Brief:
Transcribe the entries below word for word, beginning at the line with "Mandrin de perçage" and stopping after the line with "79 - 143 ELGIN STREET N"; drop all pictures.

Supplied material:
------------------------------------------------
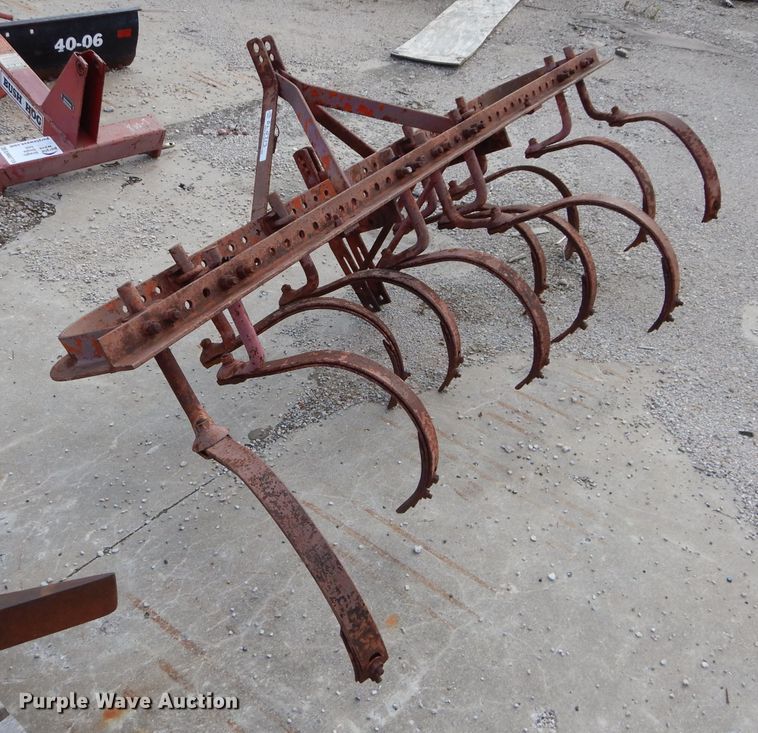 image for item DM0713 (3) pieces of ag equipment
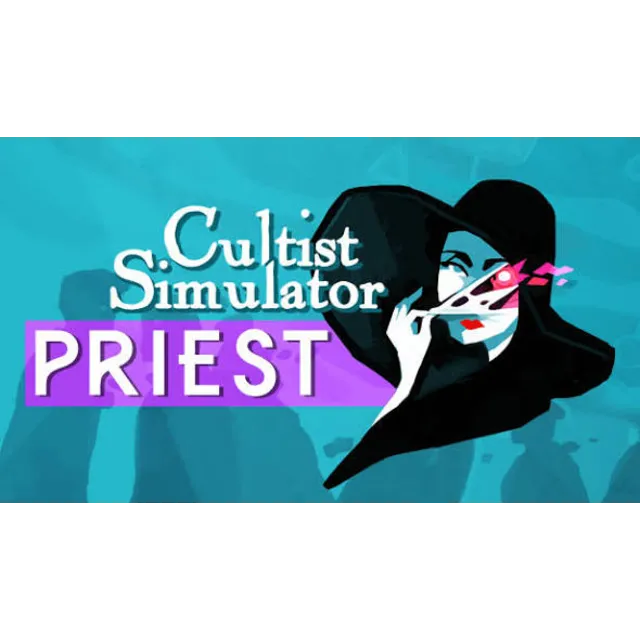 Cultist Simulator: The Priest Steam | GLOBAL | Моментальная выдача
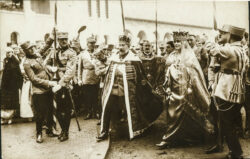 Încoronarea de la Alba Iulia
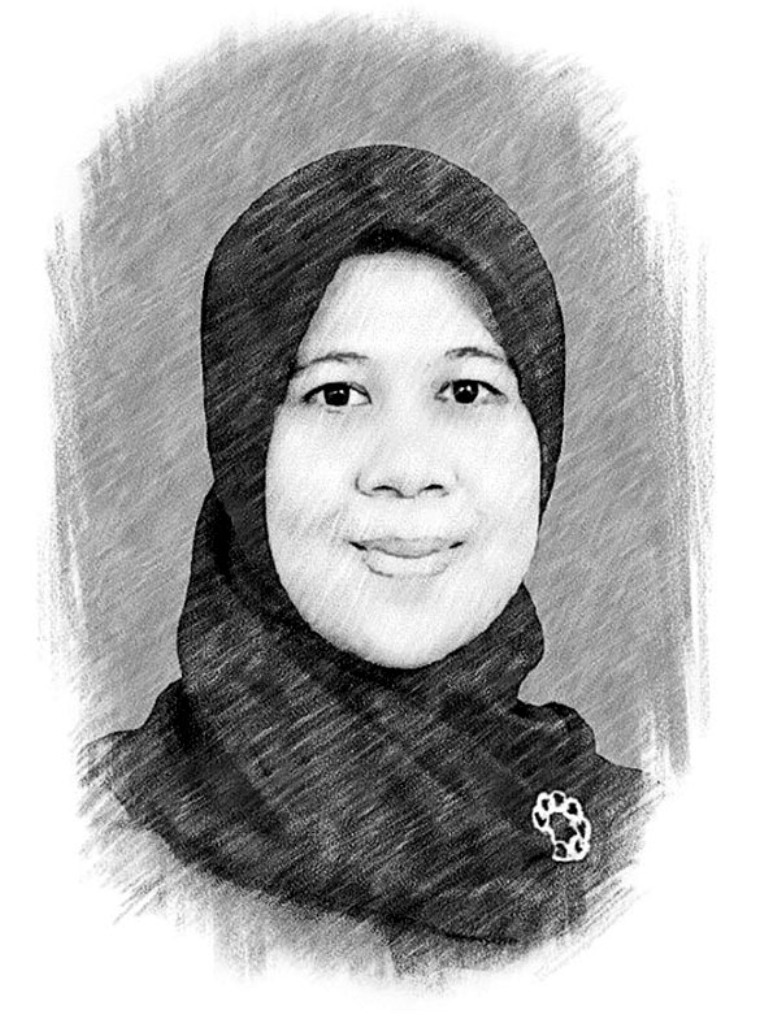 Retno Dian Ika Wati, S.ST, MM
------------------------------------------------
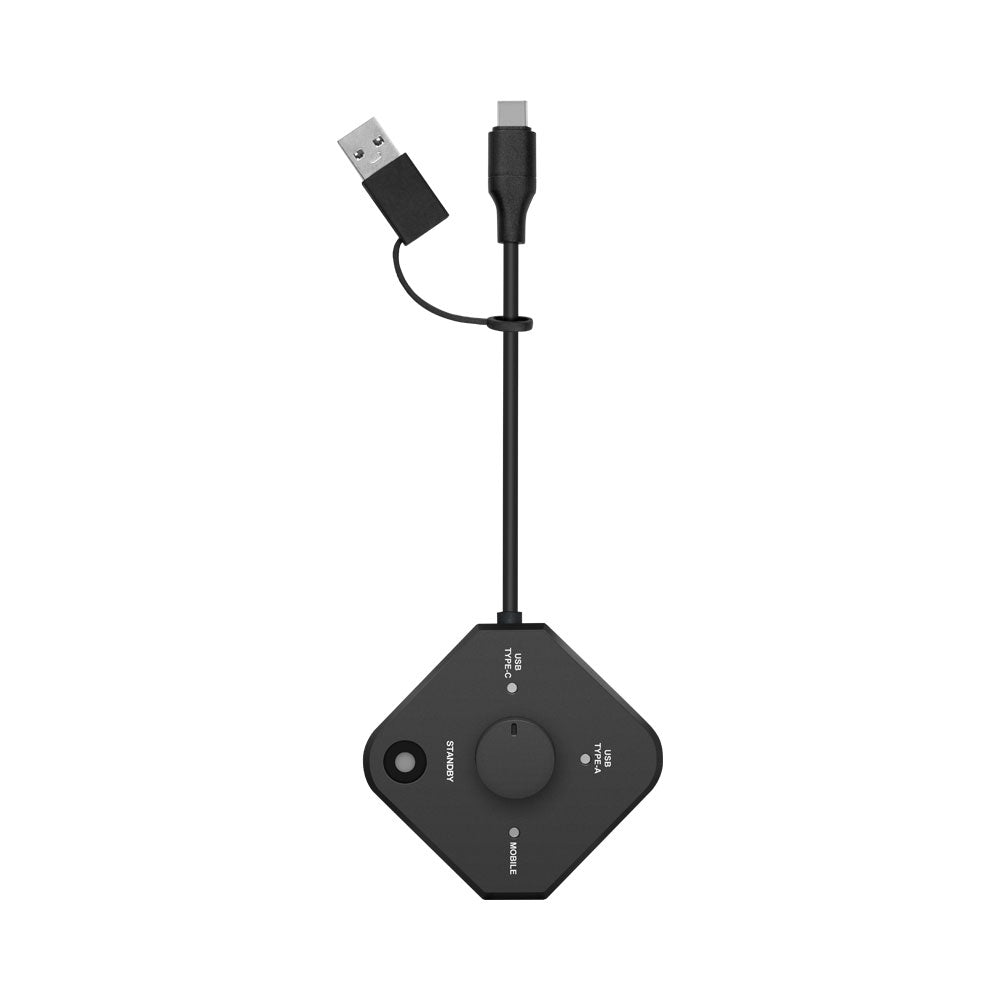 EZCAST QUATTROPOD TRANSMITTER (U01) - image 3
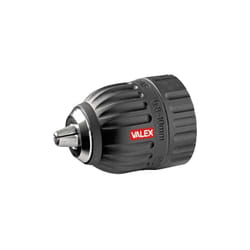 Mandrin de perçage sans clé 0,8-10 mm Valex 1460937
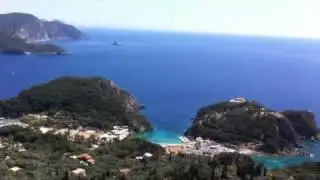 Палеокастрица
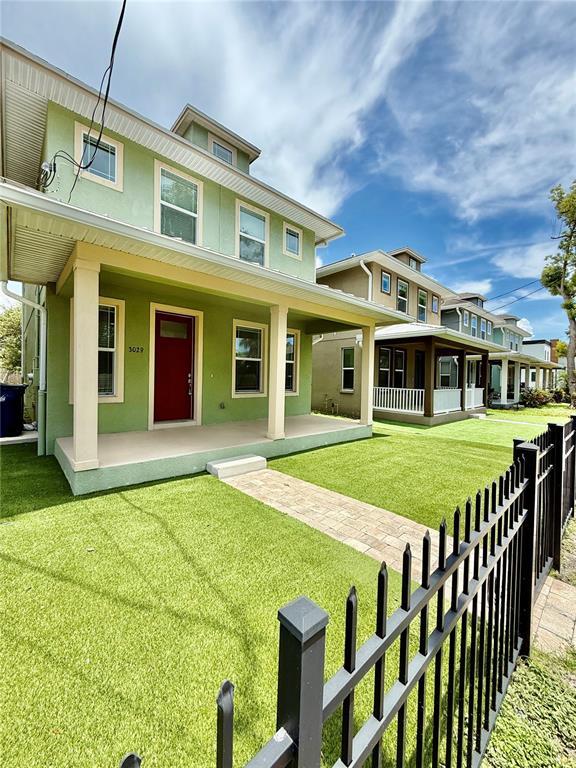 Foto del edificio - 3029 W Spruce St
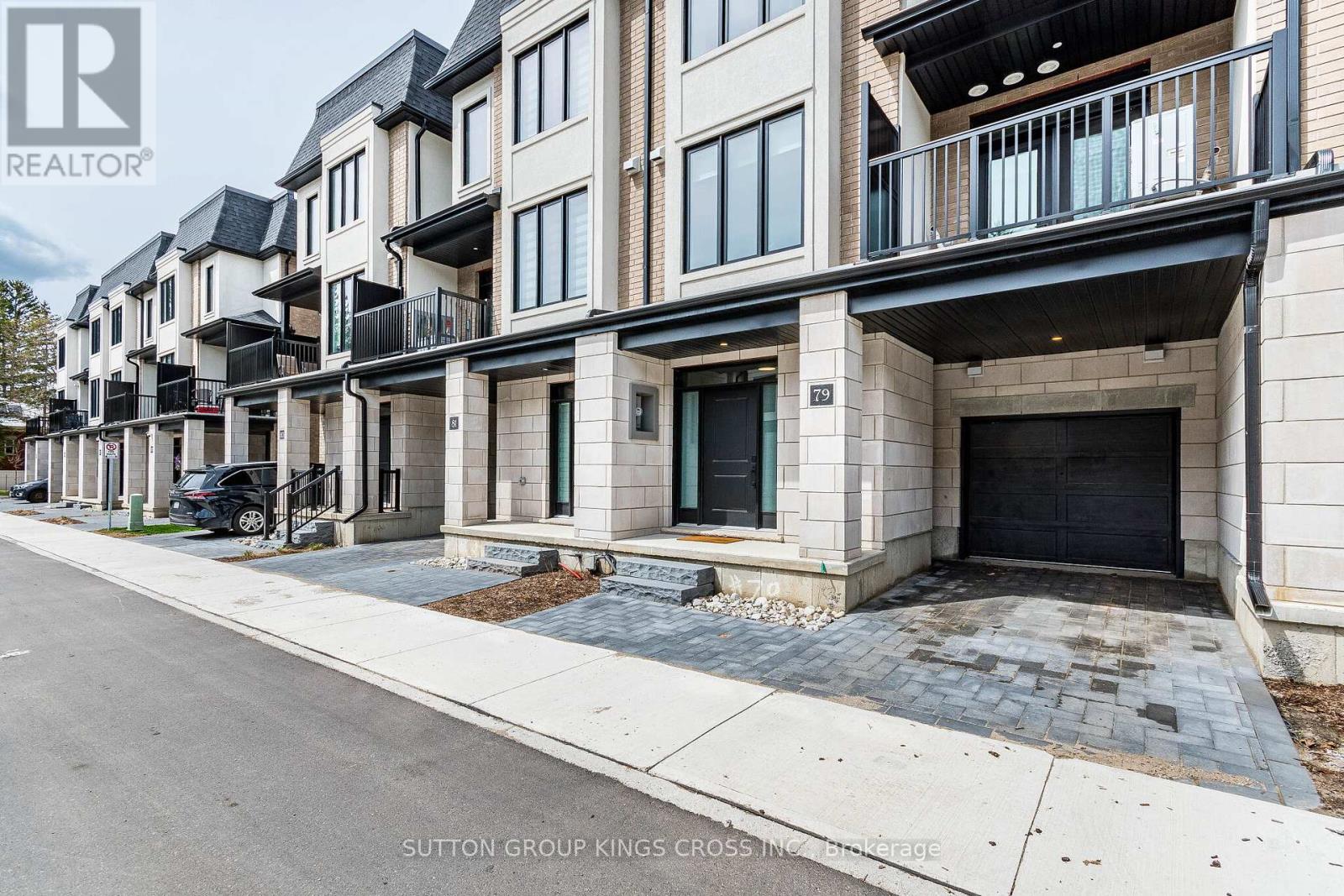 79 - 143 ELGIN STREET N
------------------------------------------------
Response box:
 Mandrin de perçage sans clé 0,8-10 mm Valex 1460937
 Палеокастрица
 Foto del edificio - 3029 W Spruce St
 79 - 143 ELGIN STREET N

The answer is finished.